• [Task instructions]: The stretch from the line with "Joven peruano en" through the line with "Teeth Whitening 90 Minutes" in the records below: write it out exactly, and nothing else.

• [Material shown]:
>>>

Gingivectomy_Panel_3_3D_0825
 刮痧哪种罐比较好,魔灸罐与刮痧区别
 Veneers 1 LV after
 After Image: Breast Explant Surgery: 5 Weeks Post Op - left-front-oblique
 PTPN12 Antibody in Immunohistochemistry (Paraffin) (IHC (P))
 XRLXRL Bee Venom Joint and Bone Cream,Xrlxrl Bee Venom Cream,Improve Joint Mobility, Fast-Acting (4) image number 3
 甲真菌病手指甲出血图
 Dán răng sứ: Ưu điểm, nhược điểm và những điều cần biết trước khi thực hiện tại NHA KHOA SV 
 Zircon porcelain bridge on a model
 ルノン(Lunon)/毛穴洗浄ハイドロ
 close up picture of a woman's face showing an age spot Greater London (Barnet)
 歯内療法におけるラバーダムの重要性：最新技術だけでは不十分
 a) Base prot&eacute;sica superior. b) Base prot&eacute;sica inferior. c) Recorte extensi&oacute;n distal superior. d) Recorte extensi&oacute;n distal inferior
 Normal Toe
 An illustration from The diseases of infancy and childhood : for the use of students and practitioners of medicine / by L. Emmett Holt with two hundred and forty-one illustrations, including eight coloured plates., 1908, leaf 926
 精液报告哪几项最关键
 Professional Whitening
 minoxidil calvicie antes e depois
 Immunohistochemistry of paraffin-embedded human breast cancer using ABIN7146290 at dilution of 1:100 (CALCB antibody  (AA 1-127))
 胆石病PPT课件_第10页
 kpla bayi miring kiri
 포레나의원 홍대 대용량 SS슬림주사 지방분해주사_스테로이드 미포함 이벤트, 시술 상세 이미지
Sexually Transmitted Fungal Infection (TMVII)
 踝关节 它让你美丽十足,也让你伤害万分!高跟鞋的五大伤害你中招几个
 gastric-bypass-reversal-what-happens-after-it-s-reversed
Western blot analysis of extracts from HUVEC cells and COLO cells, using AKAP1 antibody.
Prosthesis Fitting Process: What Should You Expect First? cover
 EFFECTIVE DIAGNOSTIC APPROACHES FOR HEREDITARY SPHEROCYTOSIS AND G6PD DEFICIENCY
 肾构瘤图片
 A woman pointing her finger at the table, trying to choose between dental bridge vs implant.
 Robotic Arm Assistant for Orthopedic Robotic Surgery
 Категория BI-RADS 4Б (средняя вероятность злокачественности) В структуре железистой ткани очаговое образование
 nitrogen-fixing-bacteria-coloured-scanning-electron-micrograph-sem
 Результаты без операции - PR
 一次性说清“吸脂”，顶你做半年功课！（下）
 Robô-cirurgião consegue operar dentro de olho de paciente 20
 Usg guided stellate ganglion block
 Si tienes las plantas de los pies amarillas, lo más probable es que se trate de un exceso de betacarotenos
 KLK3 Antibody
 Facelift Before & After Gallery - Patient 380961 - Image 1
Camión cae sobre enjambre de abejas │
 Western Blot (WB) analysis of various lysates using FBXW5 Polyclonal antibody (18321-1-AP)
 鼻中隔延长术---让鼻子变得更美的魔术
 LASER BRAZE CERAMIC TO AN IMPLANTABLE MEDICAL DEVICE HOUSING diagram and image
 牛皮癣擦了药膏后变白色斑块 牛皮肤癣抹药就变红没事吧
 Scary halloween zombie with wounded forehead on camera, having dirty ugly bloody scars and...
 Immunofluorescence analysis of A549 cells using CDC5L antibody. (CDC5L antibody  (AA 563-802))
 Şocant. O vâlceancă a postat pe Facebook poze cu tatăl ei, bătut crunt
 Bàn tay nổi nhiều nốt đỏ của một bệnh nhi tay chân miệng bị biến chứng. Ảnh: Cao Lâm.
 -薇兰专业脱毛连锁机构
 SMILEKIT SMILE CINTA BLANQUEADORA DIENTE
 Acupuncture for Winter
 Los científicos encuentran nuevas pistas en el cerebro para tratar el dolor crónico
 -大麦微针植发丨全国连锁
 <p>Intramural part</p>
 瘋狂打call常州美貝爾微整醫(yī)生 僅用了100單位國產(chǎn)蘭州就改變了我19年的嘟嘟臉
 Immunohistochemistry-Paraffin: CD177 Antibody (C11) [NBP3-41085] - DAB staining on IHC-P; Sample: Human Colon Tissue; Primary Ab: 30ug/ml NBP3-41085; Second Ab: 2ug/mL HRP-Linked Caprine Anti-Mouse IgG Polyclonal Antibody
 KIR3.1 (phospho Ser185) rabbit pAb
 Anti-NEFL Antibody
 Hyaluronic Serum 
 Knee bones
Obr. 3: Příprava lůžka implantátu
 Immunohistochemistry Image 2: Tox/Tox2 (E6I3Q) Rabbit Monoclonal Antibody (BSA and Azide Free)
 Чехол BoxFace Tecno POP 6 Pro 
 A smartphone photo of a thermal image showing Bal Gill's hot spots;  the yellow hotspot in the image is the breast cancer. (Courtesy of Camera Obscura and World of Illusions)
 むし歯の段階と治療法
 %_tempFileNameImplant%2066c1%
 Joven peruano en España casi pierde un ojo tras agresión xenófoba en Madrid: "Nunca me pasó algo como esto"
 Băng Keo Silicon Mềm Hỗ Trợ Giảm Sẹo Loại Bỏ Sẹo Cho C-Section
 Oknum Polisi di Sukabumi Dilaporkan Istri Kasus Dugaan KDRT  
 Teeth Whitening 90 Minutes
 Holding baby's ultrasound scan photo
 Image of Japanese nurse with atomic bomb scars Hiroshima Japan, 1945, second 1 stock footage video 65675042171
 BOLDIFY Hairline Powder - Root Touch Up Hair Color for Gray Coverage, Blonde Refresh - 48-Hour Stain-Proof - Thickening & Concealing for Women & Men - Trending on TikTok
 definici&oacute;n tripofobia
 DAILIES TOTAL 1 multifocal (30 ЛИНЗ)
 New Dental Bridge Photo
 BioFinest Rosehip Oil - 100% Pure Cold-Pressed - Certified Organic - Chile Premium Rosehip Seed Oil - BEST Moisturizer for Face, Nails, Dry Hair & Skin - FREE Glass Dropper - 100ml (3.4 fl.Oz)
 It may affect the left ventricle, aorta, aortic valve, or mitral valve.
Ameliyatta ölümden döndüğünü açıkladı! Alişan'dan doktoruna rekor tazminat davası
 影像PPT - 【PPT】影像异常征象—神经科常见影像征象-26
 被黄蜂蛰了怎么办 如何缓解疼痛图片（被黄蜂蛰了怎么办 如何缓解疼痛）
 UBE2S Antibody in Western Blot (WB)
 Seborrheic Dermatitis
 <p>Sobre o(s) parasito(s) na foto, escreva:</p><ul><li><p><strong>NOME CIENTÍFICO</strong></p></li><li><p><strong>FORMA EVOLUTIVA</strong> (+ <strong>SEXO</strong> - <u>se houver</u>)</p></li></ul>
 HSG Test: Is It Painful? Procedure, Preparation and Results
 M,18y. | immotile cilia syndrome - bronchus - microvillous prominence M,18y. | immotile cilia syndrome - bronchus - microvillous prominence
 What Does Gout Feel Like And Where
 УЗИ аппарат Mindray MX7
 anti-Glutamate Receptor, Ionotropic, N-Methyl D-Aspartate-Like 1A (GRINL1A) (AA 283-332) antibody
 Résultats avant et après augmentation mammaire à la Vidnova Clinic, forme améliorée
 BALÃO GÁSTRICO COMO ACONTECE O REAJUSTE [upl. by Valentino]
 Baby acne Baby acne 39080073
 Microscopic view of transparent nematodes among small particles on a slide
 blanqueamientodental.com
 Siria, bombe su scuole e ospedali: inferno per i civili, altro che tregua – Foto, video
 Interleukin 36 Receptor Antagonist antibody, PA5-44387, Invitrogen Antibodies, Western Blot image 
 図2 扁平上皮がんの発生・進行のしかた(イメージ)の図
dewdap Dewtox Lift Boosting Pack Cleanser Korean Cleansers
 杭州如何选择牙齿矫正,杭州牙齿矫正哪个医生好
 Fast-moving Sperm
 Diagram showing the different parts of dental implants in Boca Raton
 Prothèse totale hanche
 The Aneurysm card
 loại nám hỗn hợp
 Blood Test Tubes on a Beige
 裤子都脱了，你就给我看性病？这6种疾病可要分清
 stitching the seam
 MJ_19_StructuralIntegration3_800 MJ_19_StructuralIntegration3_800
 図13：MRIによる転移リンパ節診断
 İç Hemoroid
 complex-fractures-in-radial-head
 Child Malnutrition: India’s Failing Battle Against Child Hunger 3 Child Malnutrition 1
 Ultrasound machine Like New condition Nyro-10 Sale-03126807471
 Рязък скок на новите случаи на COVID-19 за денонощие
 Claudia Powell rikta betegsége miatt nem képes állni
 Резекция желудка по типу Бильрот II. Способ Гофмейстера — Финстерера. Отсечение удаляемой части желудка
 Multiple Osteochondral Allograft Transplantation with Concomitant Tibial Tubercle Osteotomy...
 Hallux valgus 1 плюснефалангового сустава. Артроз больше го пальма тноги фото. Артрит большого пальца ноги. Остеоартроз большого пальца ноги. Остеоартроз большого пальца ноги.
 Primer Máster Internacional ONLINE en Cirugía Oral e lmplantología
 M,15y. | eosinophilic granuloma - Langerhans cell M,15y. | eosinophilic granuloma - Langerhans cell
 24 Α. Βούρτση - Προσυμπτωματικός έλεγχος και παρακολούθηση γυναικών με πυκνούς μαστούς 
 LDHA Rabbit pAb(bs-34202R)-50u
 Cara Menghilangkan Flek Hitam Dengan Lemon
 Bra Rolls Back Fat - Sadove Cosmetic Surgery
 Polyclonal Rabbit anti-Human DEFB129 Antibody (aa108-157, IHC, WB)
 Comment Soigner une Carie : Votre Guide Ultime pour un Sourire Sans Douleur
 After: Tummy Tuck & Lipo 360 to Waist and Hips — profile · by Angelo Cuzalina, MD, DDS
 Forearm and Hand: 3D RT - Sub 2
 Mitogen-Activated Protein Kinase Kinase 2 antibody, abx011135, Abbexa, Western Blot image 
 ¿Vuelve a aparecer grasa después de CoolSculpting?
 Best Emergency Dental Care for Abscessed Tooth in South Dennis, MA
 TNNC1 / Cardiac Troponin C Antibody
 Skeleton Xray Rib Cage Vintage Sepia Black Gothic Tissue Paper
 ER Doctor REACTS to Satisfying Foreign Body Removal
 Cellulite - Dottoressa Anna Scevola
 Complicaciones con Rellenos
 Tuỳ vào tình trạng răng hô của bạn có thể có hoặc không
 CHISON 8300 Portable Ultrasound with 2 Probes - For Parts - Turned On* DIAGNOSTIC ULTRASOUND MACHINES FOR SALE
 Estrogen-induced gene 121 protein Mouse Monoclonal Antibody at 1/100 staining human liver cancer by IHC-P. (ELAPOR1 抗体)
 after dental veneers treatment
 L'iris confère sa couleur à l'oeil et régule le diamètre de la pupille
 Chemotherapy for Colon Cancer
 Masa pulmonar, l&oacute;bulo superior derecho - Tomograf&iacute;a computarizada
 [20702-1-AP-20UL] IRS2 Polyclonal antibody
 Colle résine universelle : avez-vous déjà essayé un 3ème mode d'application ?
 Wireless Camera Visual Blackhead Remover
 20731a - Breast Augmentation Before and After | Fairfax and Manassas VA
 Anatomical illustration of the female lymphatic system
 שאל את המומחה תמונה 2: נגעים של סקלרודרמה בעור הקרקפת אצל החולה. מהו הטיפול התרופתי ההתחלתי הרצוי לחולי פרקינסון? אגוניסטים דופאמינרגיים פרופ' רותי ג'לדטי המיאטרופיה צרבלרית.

<<<

• [Task response]:
 Joven peruano en España casi pierde un ojo tras agresión xenófoba en Madrid: "Nunca me pasó algo como esto"
 Băng Keo Silicon Mềm Hỗ Trợ Giảm Sẹo Loại Bỏ Sẹo Cho C-Section
 Oknum Polisi di Sukabumi Dilaporkan Istri Kasus Dugaan KDRT  
 Teeth Whitening 90 Minutes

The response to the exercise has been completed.